In a broader sense, that’s what the show is saying about American society and laws. They aren’t perfect, but we should try for perfection. We should try to prosecute the rich as much as the poor, to have mercy for victims, to be perfectly fair. Yes, that isn’t the reality, this isn’t a fair world, but we should TRY for it to be perfect. My least favorite trope, that shows up A LOT in later seasons of Law and Order, is when people shake their heads and say “it’s the system, what to do?” Well then MAKE THE SYSTEM BETTER!!!! Or even better, as a TV writer, show the system working the way it SHOULD work and raise the expectations of the public. I don’t need another sad fictional story of the failure of foster care, I want a fictional story about the success of foster care and how it’s supposed to happen and the standards I should expect from my own local agencies.

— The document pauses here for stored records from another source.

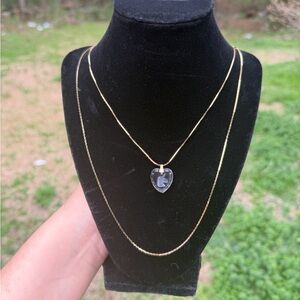 Gold Tone Necklace With Crystal Heart Pendant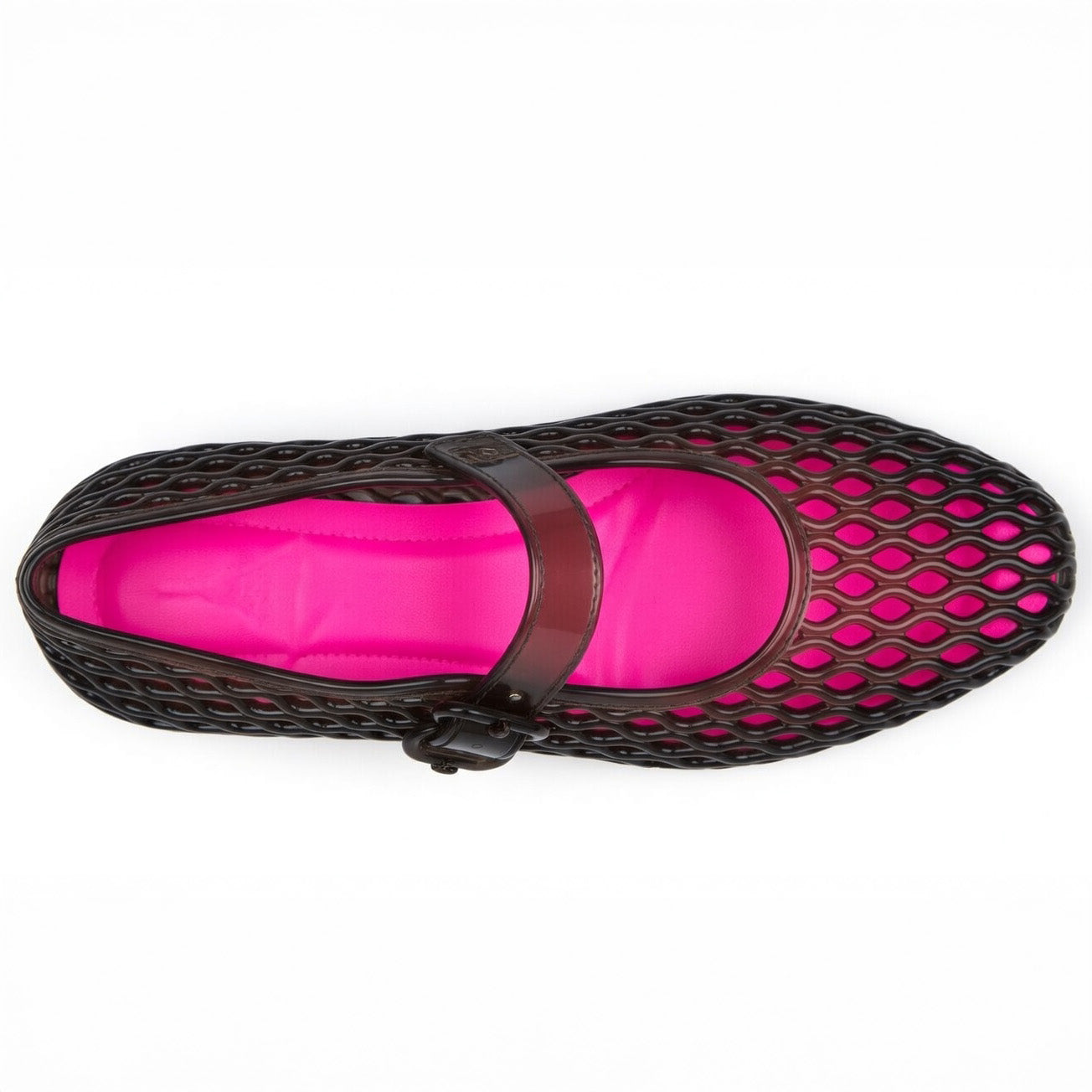 Black & Hot Pink Woven Jelly Mary Jane Shoes
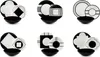 Six sets of black and white dinnerware, each with a bowl and two plates, arranged in two rows of three. Produktbild-Vorschau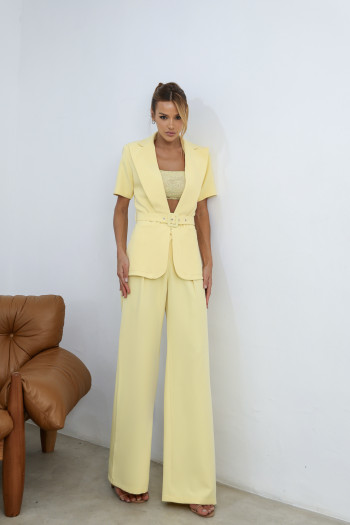 CONJUNTO CATARINA ALFAIATARIA BLAZER E COLETE COM CINTO - CAMOMILA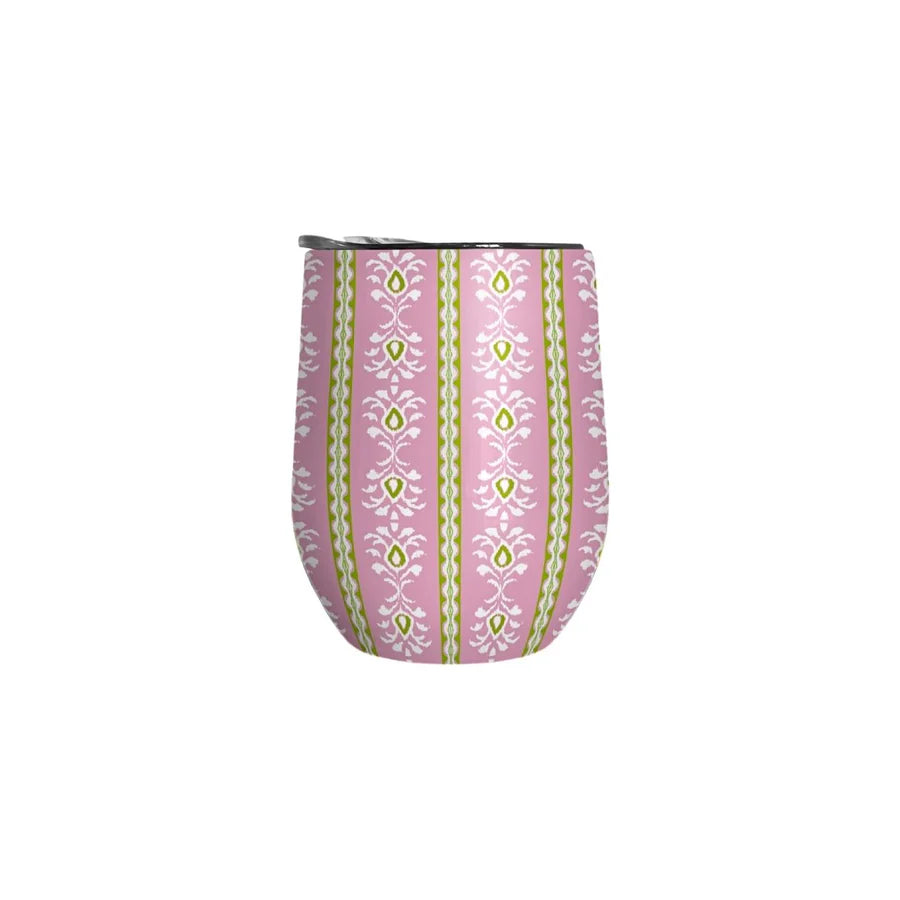 Laura Park Rosemary Stripe Pink 12 oz. Wine Tumbler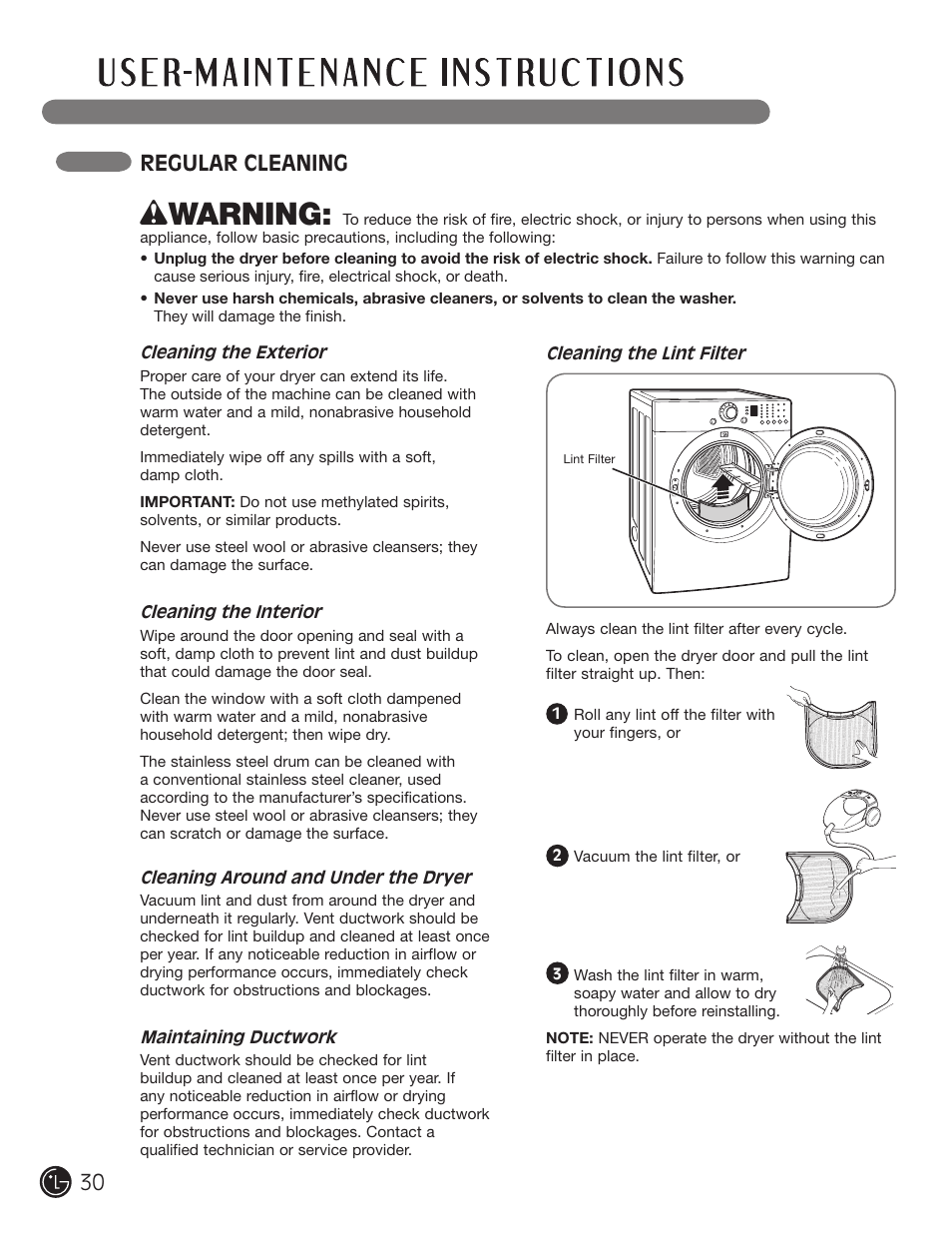 Wwarning, Regular cleaning | LG DLE2101W User Manual | Page 30 / 112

I don’t know why Law and Order get farther and farther from this ideal the longer it ran, the idea of flawed people doing their best and a flawed system trying to be the best it can. Less money for good writers and producers? Bad casting choices? Attitudes changing? Or maybe just the steadily decreasing crime rate? Crime went from being a casual everyday thing, to “Oh My God it’s the WORST THING EVER please SAVE ME!” However and why ever it happened, most people seem to agree the show started going downhill around season 8 or 9.

Speaking of, I just got to season 10. Boooooo! Everyone’s getting cell phones and the hair isn’t funky 90s and, more importantly, the scripts are starting to get dumber.

So that’s my big update! I started a new job (today was orientation and I am totally exhausted and overwhelmed), and I am watching Law and Order! And you should watch it too, especially if you haven’t revisited the early seasons in a while.